Exercise -> Restate word for word the lines below, from the one containing "Printify Review" through the final line, with no pictures included.

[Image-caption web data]

┌──

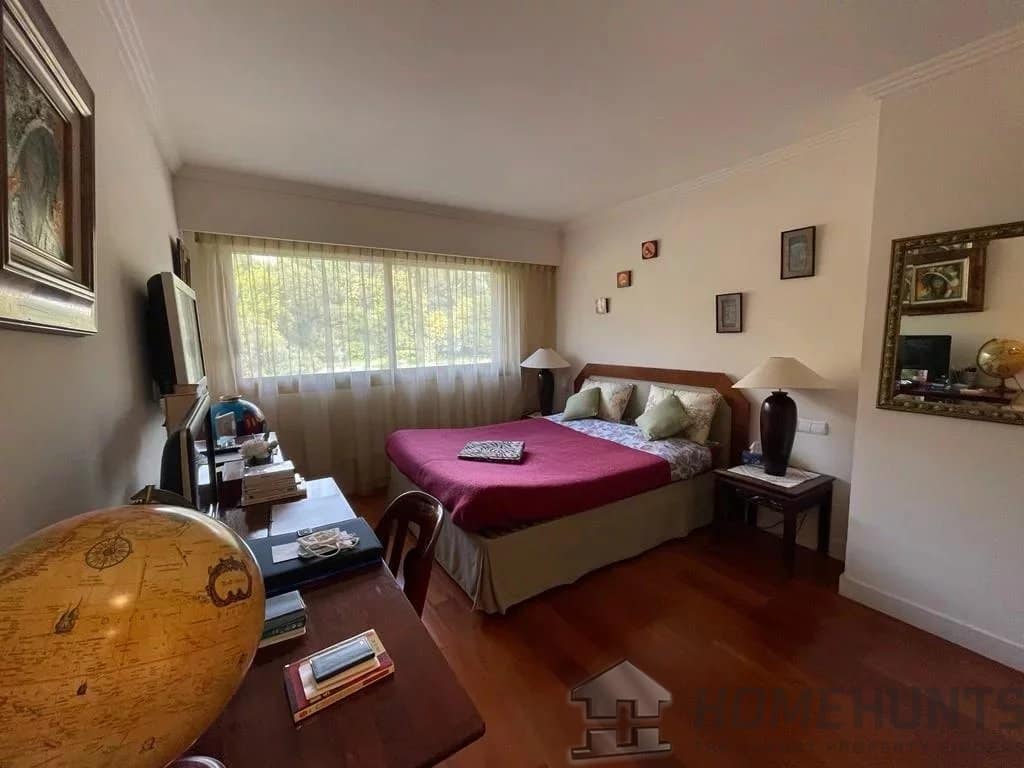 property_HH-15348516-6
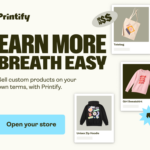 Printify Review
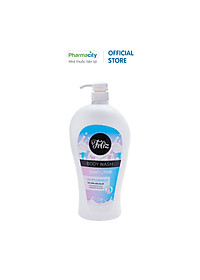 product-img-1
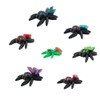 3D Printed Spider Mystery Pack - Collectible Fidget Toys (10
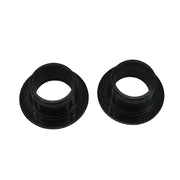 DURAFORCE 832820 18-4205 Power Trim Plastic Bushing for Volvo Penta AQ270T AQ280T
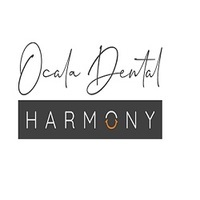 Ocala Dental Harmony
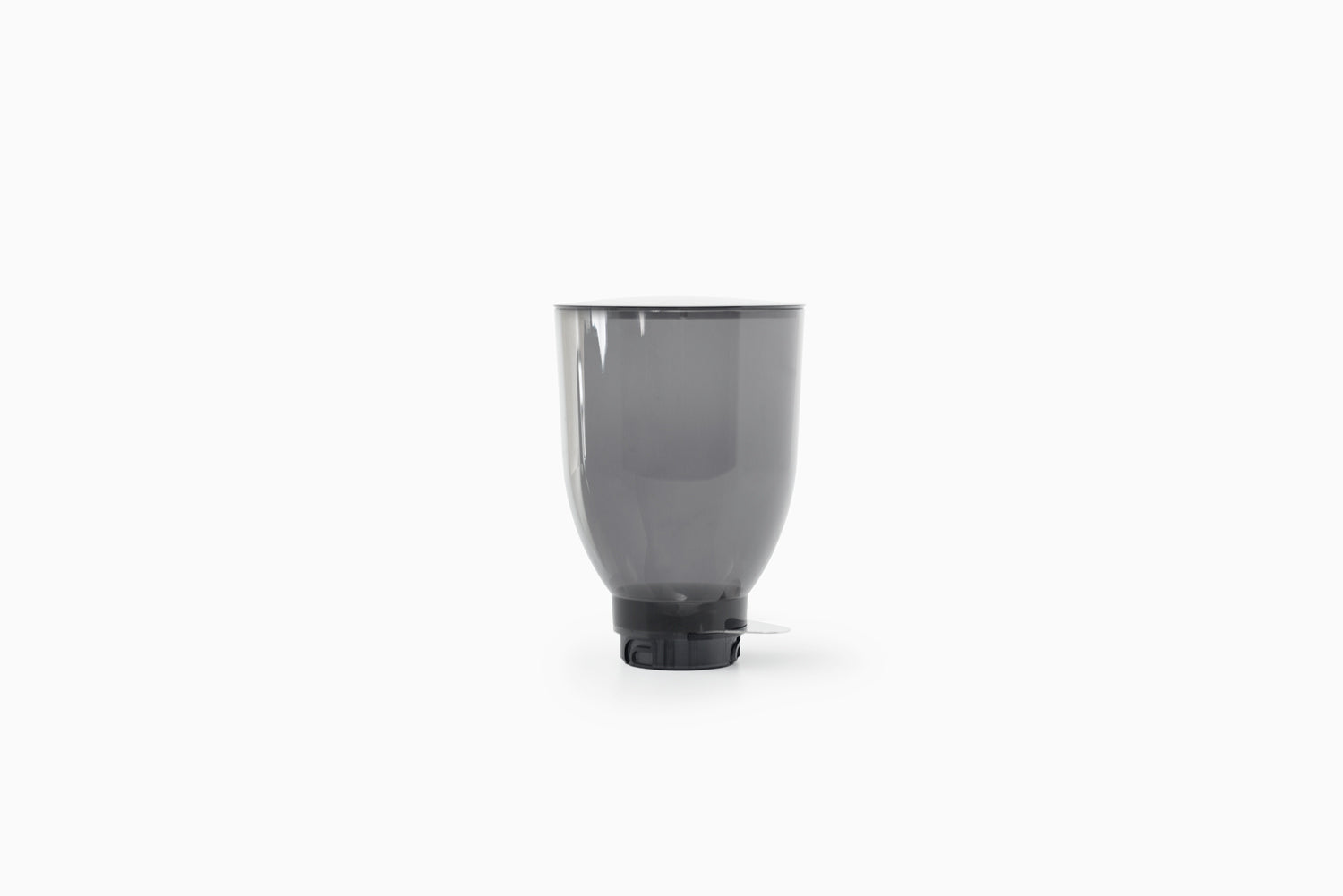 Acaia Bean Hopper tramoggia caffè Orion Orbit batch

└──

Answer to the problem ->
 Printify Review
 product-img-1
 3D Printed Spider Mystery Pack - Collectible Fidget Toys (10
 DURAFORCE 832820 18-4205 Power Trim Plastic Bushing for Volvo Penta AQ270T AQ280T
 Ocala Dental Harmony
 Acaia Bean Hopper tramoggia caffè Orion Orbit batch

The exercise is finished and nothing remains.